CFG Reader(removal-left-recursion2)

A. Third Edition
This is fourth edition of my CFG Reader which stands for Context-Free-Grammar Reader. In this edition, I finished 
the second part of removal-left-recursion.
B.The problem
What is RLR?
Example: A  -> A a | b | c
Here you see the variable A which appears the left-most of rule and this will produce infinite loop for Recursive-
Descent parsing. For table-driven parsing, it is the same problem. So, how to remove?

program -> stmt-sequence
stmt-sequence -> stmt-sequence ; statement | statement
statement -> if-stmt | repeat-stmt | assign-stmt | read-stmt | write-stmt
if-stmt -> if boolean-exp then stmt-sequence end
| if boolean-exp then stmt-sequence else stmt-sequence end
repeat-stmt -> repeat stmt-sequence until boolean-exp
assign-stmt -> identifier := integer-exp
read-stmt -> read identifier
write-stmt -> write integer-exp
boolean-exp -> integer-exp comparison-op integer-exp
comparison-op -> < | =
integer-exp -> integer-exp addop term | term
addop -> + | -
term -> term mulop factor | factor
mulop -> * | /
factor -> ( integer-exp ) | number | identifier

 

C.The idea of program
 
Now we are in a position to remove the immediate-left-recursion!

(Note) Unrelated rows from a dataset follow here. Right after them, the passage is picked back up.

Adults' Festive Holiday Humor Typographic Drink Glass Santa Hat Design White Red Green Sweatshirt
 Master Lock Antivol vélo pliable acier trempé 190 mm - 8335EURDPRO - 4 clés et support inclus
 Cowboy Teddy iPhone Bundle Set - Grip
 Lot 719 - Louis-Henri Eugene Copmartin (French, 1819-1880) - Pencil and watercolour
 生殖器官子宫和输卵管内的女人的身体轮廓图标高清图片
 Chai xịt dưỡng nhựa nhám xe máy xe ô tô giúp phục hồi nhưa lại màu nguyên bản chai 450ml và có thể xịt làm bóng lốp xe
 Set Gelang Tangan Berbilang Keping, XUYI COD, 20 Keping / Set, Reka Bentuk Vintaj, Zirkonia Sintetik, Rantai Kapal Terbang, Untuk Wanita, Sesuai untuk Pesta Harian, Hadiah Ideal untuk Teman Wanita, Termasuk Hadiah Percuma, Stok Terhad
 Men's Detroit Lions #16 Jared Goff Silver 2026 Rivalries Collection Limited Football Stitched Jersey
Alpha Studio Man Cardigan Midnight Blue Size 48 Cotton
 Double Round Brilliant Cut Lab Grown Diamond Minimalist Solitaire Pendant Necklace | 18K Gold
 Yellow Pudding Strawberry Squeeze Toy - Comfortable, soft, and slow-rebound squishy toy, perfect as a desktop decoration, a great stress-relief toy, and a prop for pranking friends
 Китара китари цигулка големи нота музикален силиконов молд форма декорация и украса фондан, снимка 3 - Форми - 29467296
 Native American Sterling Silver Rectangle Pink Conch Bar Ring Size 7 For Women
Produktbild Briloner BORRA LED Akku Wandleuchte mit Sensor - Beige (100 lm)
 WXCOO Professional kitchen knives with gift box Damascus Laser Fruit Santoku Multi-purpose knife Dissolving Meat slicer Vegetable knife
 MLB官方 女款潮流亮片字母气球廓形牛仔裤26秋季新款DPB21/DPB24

Taking the above example, the new grammar would
be:
1) A -> A a              ===>     A  -> a A'
2) A -> b                ===>     A' -> b A'
3) A -> c                ===>     A' -> c A'
                         ===>     A' -> epsilon
So, generally there are three steps: 
1) Modify current rule to such that it removes the first repeating variable and shift-to-left by 1 and at end
of rule add a new variable.
2) Change all other rules to rules belonging to new variable and at end of each rule add the new variable.
3) Add an epsilon rule for new variable.
 
D.The major functions
E.Further improvement
F.File listing
1. CFGReader.h
2. CFGReader.cpp  
3. Grammar.h
4. Grammar.cpp
5. main.cpp (main)
 
 
file name: CFGReader.h
#include "Grammar.h"


class CFGReader
{
private:
	char buffer[BufferLength];
	FILE* stream;
	void newRule(const char* str);
	void readRule();
	void addRule(const char* str);
	int addToken(const char* str, bool isTerminal=true);
	void printRule(int index);
public:
	void readFromFile(const char* fileName);
	void optimize();
	void print();
};


file name: CFGReader.cpp 
#include <iostream>
#include "CFGReader.h"

using namespace std;

Grammar grammar;

const char* deliStr=" |\n";

//this would only remove the immediate left recursion
//and should I expand it to remove all kinds of left-recursion?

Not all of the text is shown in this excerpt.